* _SUPPLIED MATERIAL_:
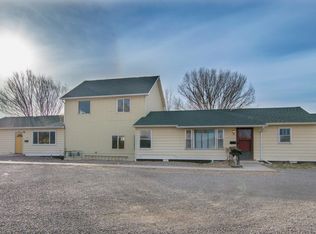 557 Miami Rd, Montrose, CO 81401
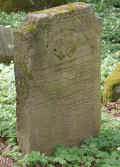 Schopfloch Friedhof 1204026.jpg (134145 Byte)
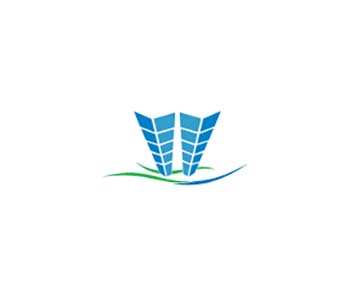 Engineering Contracting Company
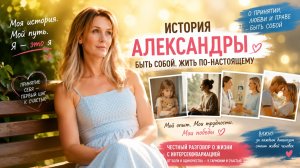 «Кто ты вообще?» Травля, операции и жизнь гермафродита без прикрас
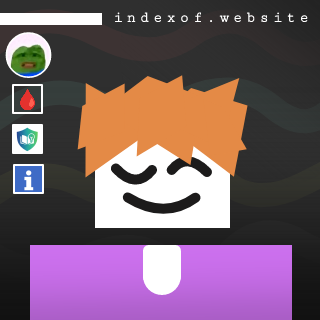 Missouri 2026 Travel Guide: World Cup, Route 66 Centennial & Costs | Banner - Indexof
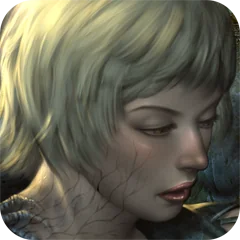 Soul Sacrifice, avatar 6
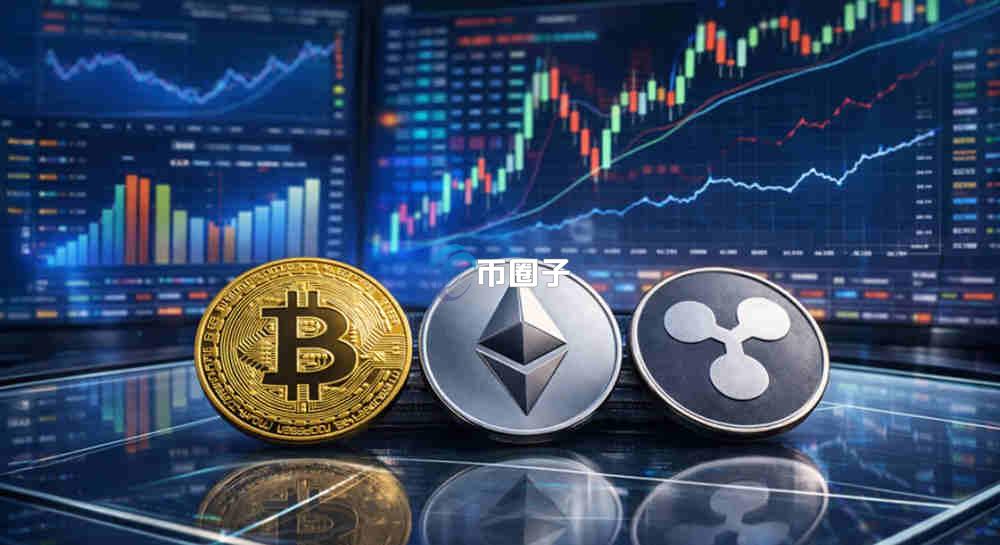 隔离见证地址和普通地址的区别在哪？有哪些区别？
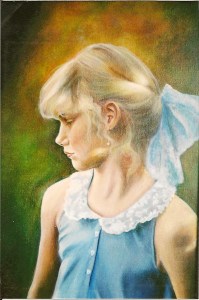 20 x 24 $1,200
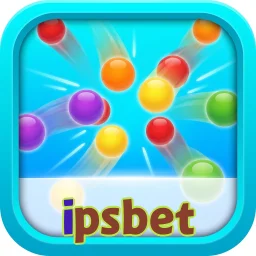 ipsbet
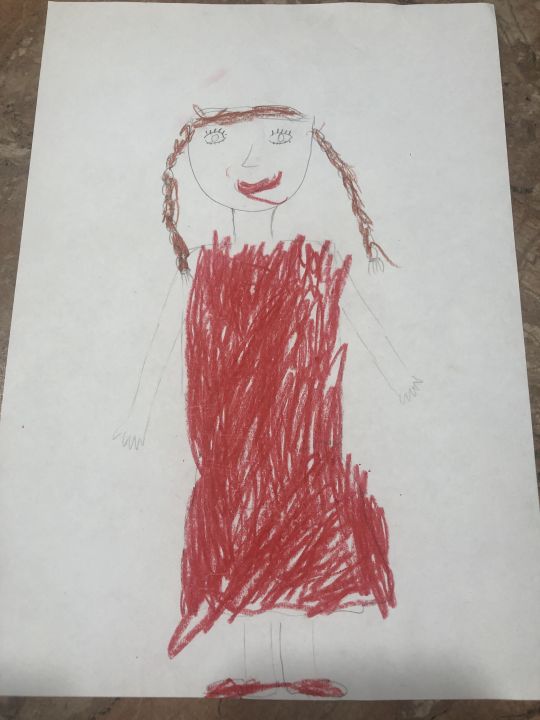 Алсу Ильшатовна Файсханова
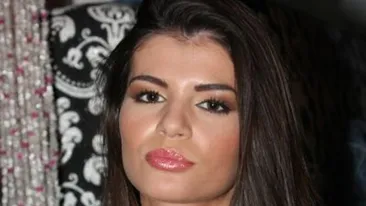 Monica Gabor a inventat clătitele dietetice: Sunt delicioase. Uite cât de simplu se fac si ce ingrediente minune foloseste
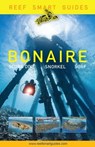 Bonaire - Ian Popple ; Otto Wagner ; Peter McDougall - 9781633539815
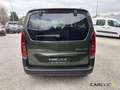 Citroen Berlingo Plus Style Pack*Camera*NEW* Vert - thumbnail 4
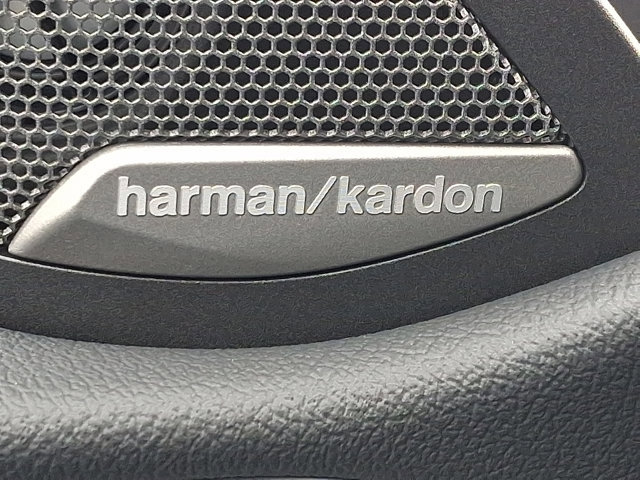 New 2026 BMW 430i xDrive Coupe w/ M Sport Package image 17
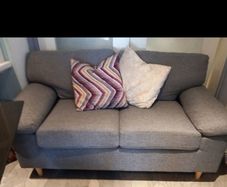 sofa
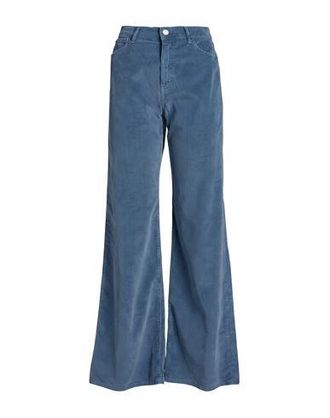 The.Nim Standard BOTTOMWEAR - Trousers sur YOOX.COM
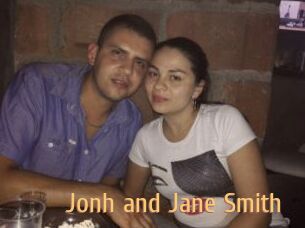 Jonh_and_Jane_Smith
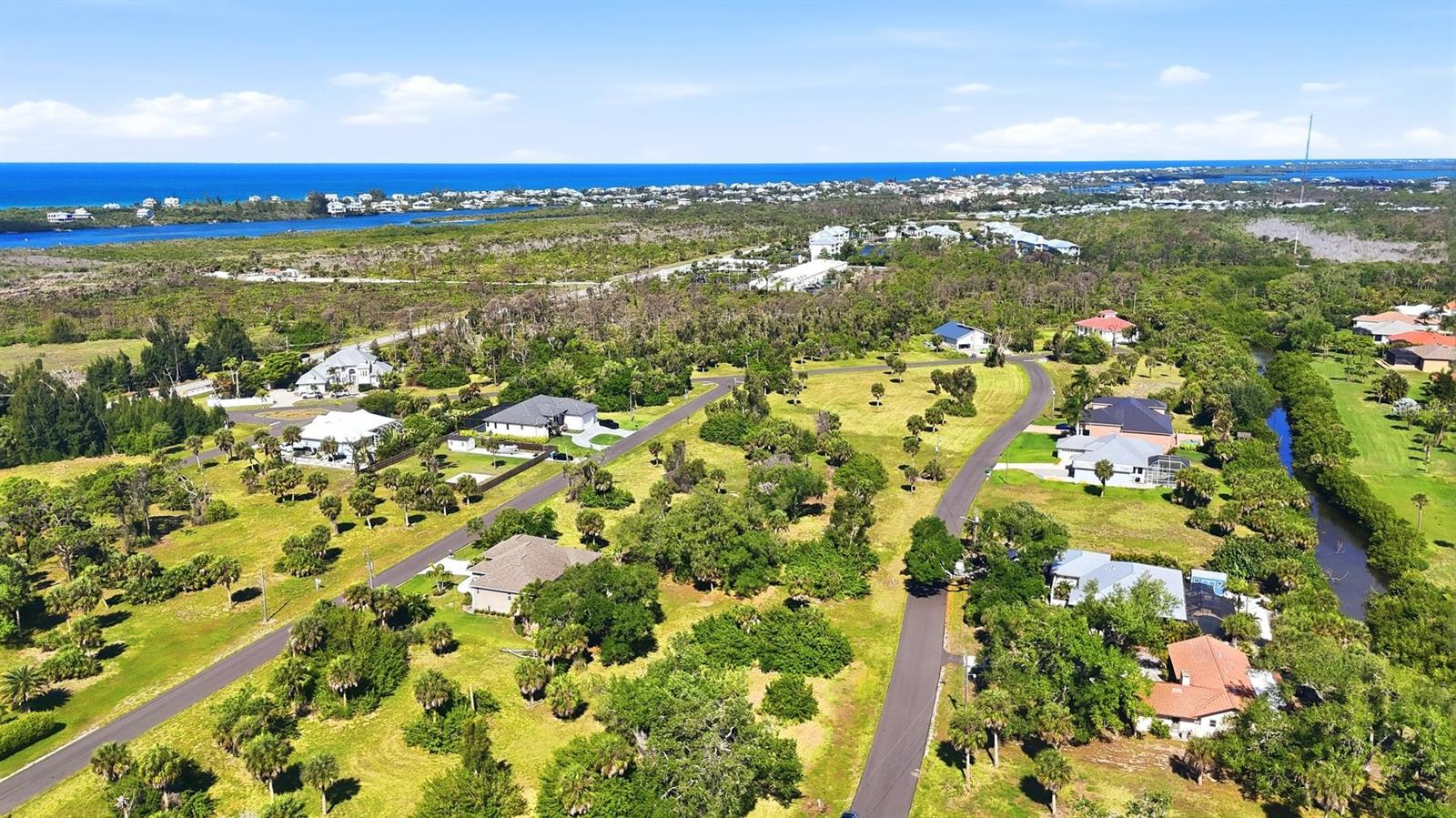 Image 9 of 21 For 71 Barracuda Drive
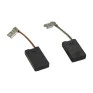 D28476W-BR TIPO3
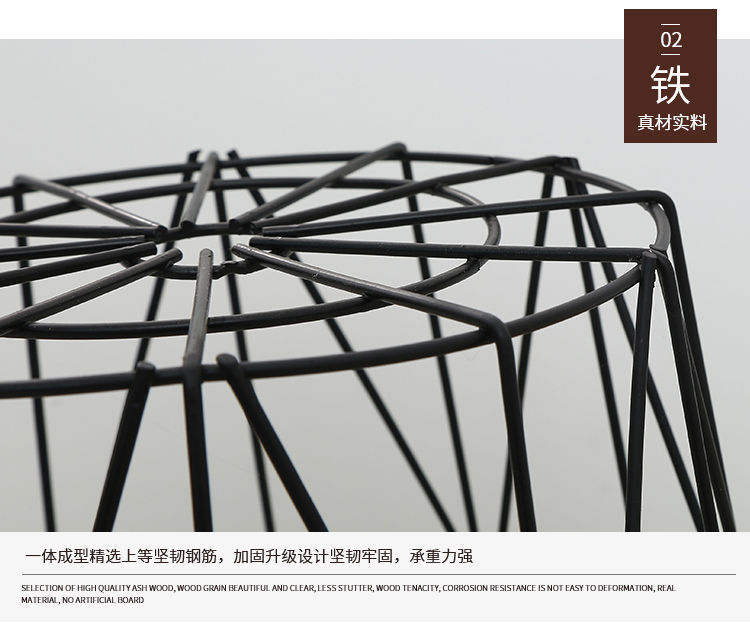 bc46bcda-5a73-49c4-b76e-116bf6fe5ce8.jpe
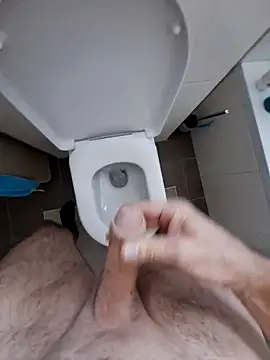 oldermanforwomen online show from 11-05-25, 01:36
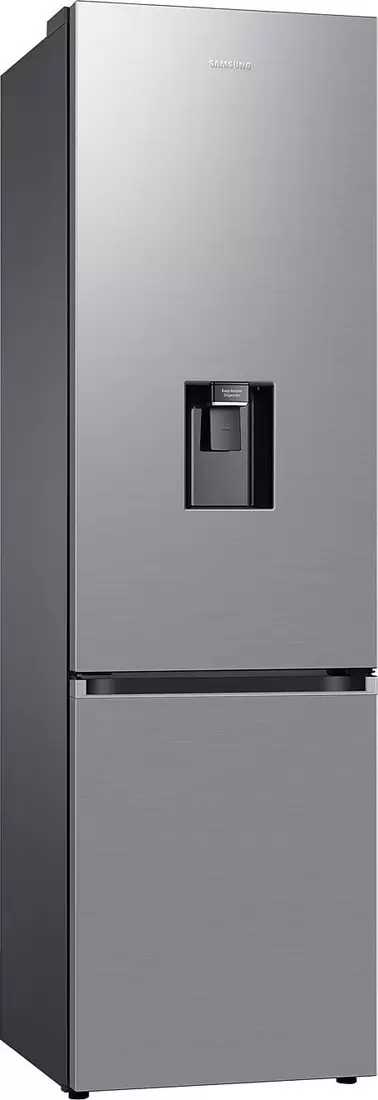 Холодильник Samsung RB38C635ES9/EF фото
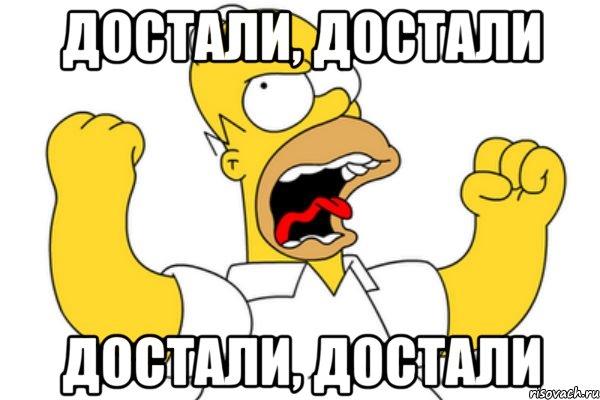 Немецкие СМИ обвинили создателей танка «Армата»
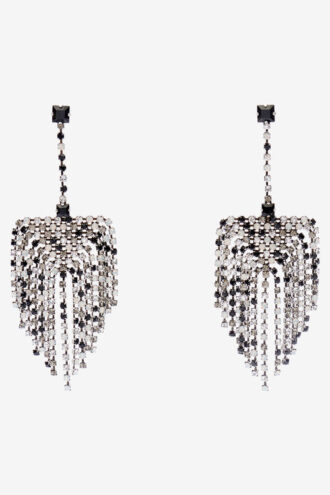 Pendientes colgantes Faye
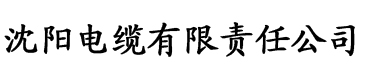 狠狠的射电缆厂logo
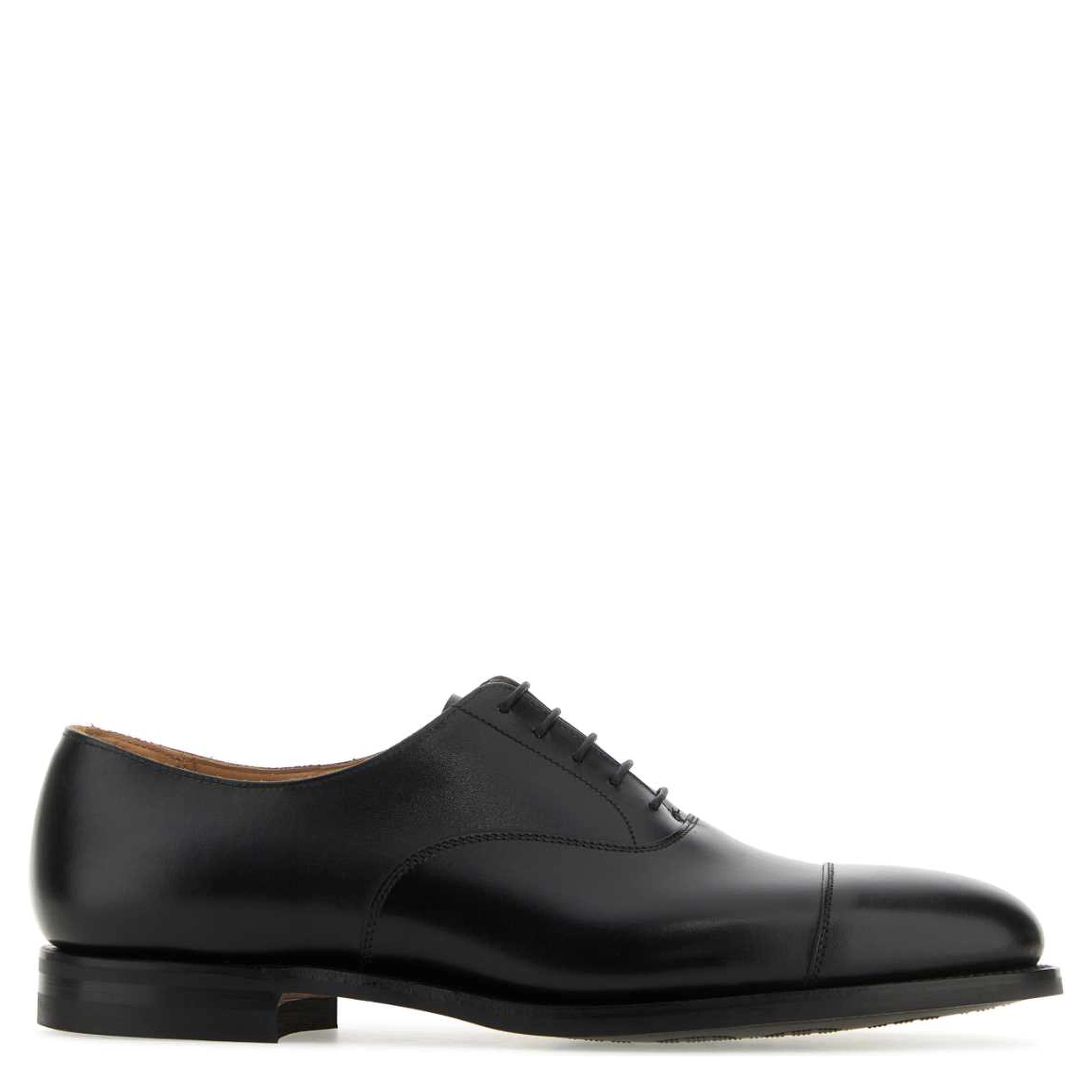CONNAUGHT 2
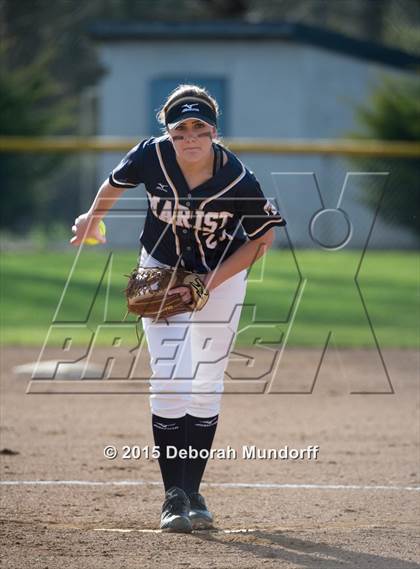 Thumbnail 3 in Sheldon @ Marist photogallery.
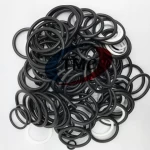 2426-1204KT 2426-1204 CONSTRUCTION MACHINERY PARTS CONTROL VALVE SEAL KIT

* _TASK_:
Copy exactly, with no pictures, the lines from the line containing "The.Nim Standard BOTTOMWEAR" through the last line of the records above.

* _RESULT_:
 The.Nim Standard BOTTOMWEAR - Trousers sur YOOX.COM
 Jonh_and_Jane_Smith
 Image 9 of 21 For 71 Barracuda Drive
 D28476W-BR TIPO3
 bc46bcda-5a73-49c4-b76e-116bf6fe5ce8.jpe
 oldermanforwomen online show from 11-05-25, 01:36
 Холодильник Samsung RB38C635ES9/EF фото
 Немецкие СМИ обвинили создателей танка «Армата»
 Pendientes colgantes Faye
 狠狠的射电缆厂logo
CONNAUGHT 2
 Thumbnail 3 in Sheldon @ Marist photogallery.
 2426-1204KT 2426-1204 CONSTRUCTION MACHINERY PARTS CONTROL VALVE SEAL KIT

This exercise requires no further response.